# THE TASK
Leave the pictures out. Return the rest of the listing below exactly.

........

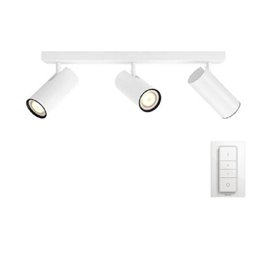 SPOT LED PHILIPS HUE BURATTO 3X5.5W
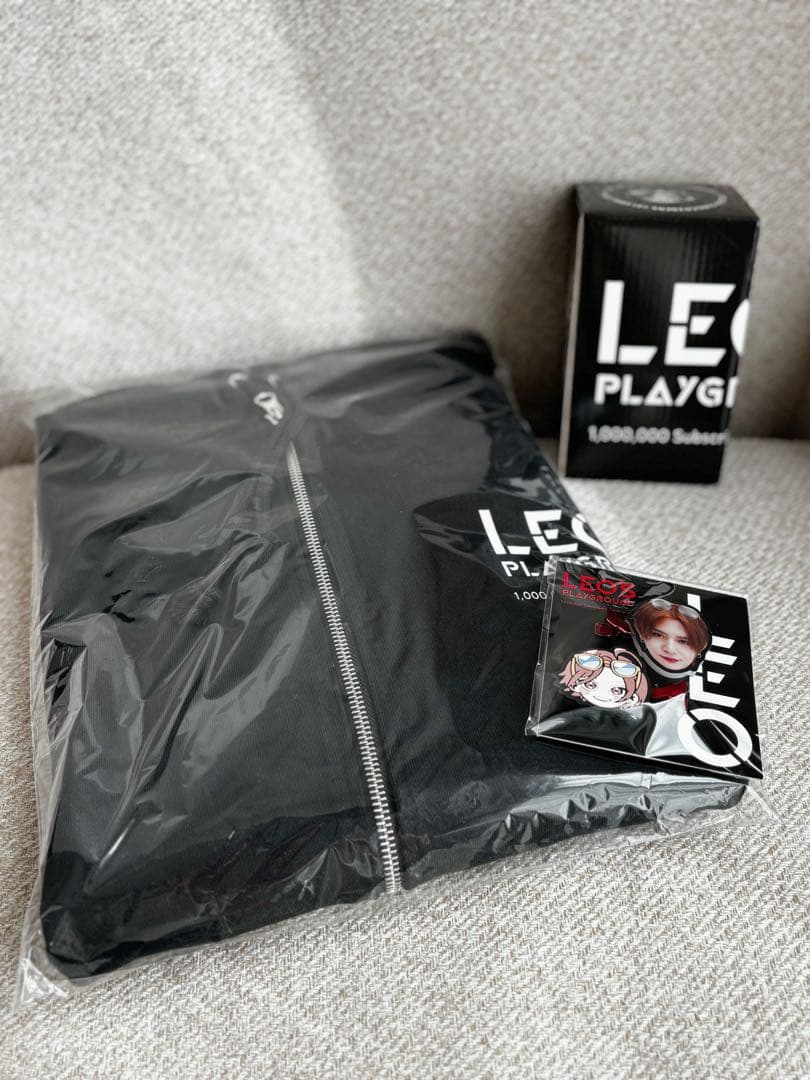 新品未使用☆LEOの遊び場 2点まとめ売り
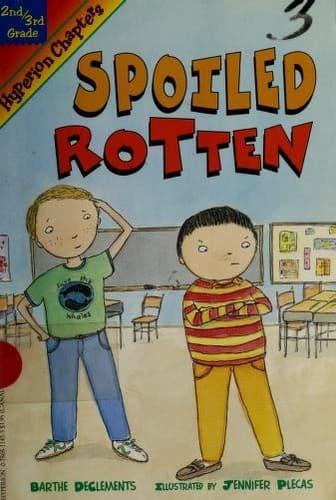 Portada de Spoiled rotten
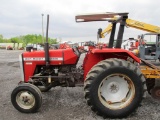 MASSEY FERGUSON 231 TRACTOR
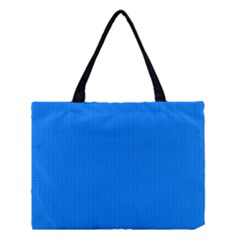 Azure Blue - Medium Tote Bag by FashionLane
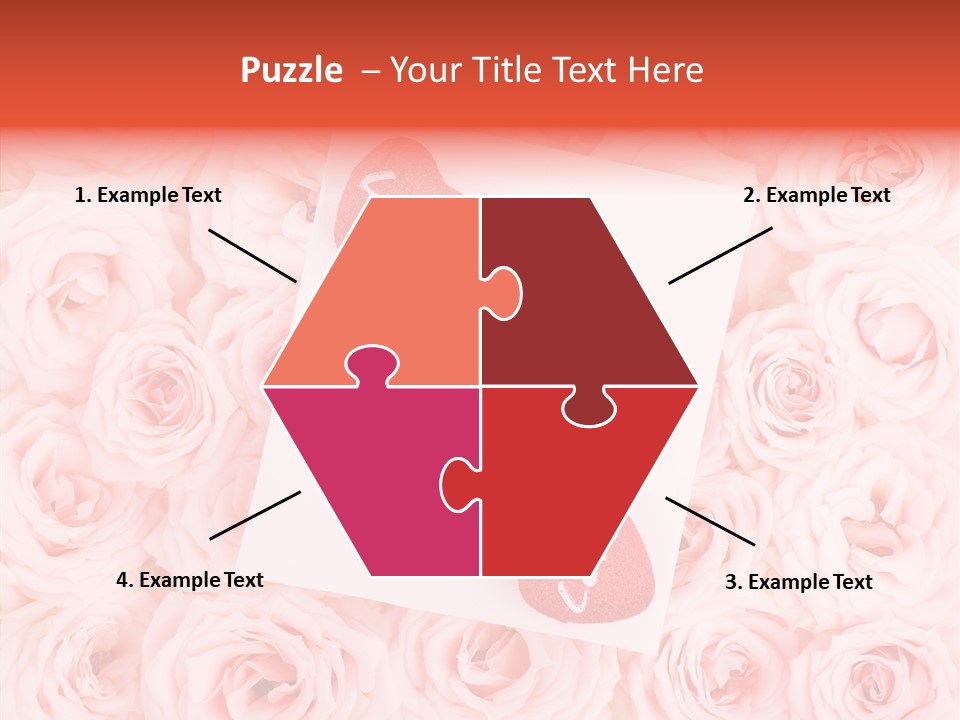 Gift Romance Two PowerPoint Template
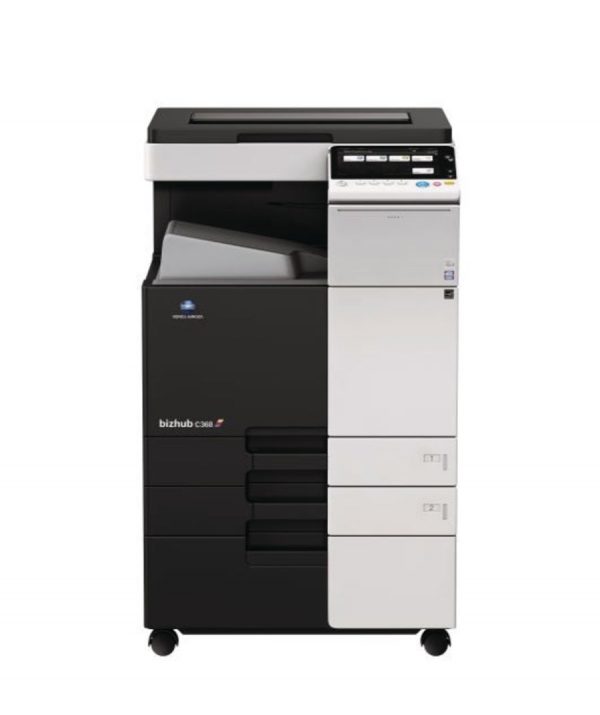 Bizhub c368
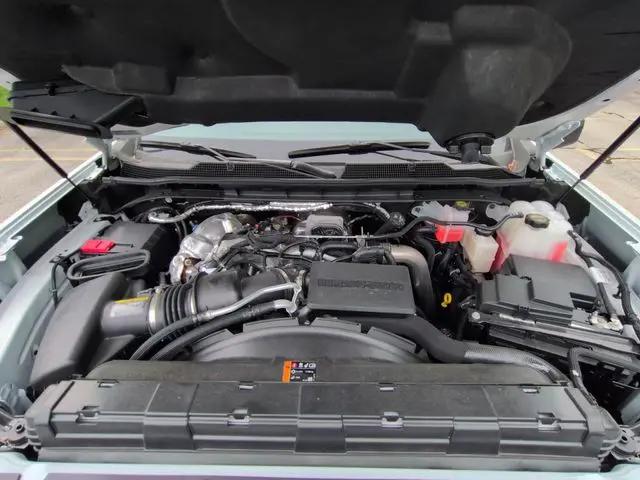 2025 Chevrolet Silverado 3500HD Work Truck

........

# EXERCISE ANSWER
 SPOT LED PHILIPS HUE BURATTO 3X5.5W
 新品未使用☆LEOの遊び場 2点まとめ売り
 Portada de Spoiled rotten
 MASSEY FERGUSON 231 TRACTOR
 Azure Blue - Medium Tote Bag by FashionLane
 Gift Romance Two PowerPoint Template
 Bizhub c368
 2025 Chevrolet Silverado 3500HD Work Truck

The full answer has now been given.